As I'm in a similar position as you (though not concretely planning to found a company right now), some of my thoughts and experiences:
- It appears as pitches talking about training/deploying/productionizing "LLMs" and "foundation models" are amongst the most successful these days while MLOps is on the decline (which was massively hyped a few years ago, but reality has caught up)
- You should be able to somewhat justify your valuation and tell a good story around it. Usual factors on valuation are the experience and network of the founders, stage and traction of the product and overall climate of the business sector. It's a good idea to research recent founding rounds of related start-ups in a similar stage as you.
- Predicting financial KPIs with a high level of precision is impossible at your stage and everybody including investors knows this. At the same time, this does not mean that you don't need a business plan. At a higher level, the projections should represent your plans on when and how to monetize your product and the cost drivers and KPIs behind it.
- Where you raise depends on your preferences and business context. For example, if you should have a high focus on data protection and privacy, it would fit greatly into your story if you had only local investors since some customers in Europe immediately see a red flag if US or Chinese people are involved.

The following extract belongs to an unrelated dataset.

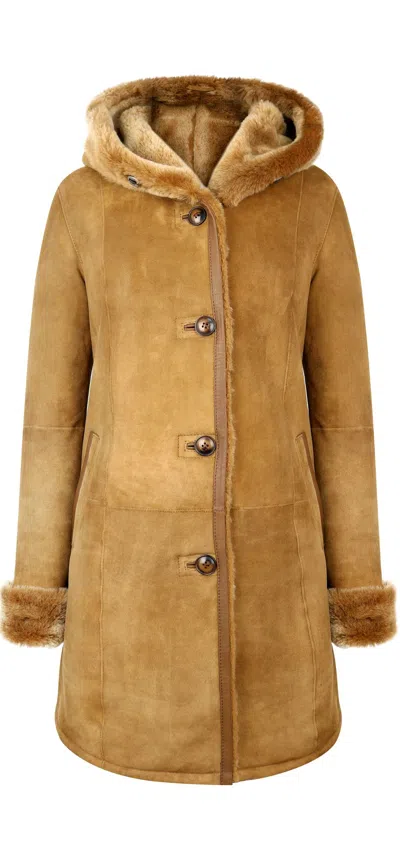 Truclothing Long Hooded Merino Sheepskin Jacket In Multi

I have many more thoughts but not so much time to type - DM me if you think an exchange could be helpful.
> if you should have a high focus on data protection and privacy, it would fit greatly into your story if you had only local investors since some customers in Europe immediately see a red flag if US or Chinese people are involved.
Yeah no. If you're going for a fundraise, you would be extremely foolish to rely on relatively inexperienced EU and local investors over investors from the US and elsewhere. It's an open truth that EU VCs are rather stingy with their pursestrings, and would rather undercut your valuation by a ton.
There are risks around geopolitical issues though, so eg: having a bunch of Chinese/Russian investors may not be the best route for you. The optics can turn sour, and the value they can add is definitely questionable in the current hostile climate.
You can guarantee compliance with EU rules as long as you provide an EU-based option. If some customers don't like that, trust me, you don't want such inflexible customers either. Eg.: PostHog recently launched EU based cloud hosting for GDPR compliance, and they are a successful privacy-centric product even though they're backed by largely American investors (and the founders are European).
I never claimed it was a generally good idea to raise locally. It depends on the context of the bigger Story.
> You can guarantee compliance with EU rules as long as you provide an EU-based option.
Not true due to Patriot Act (if your HQ are in the US). I don't require my customers to be flexible either as long as they are good business and I can create something that helps them.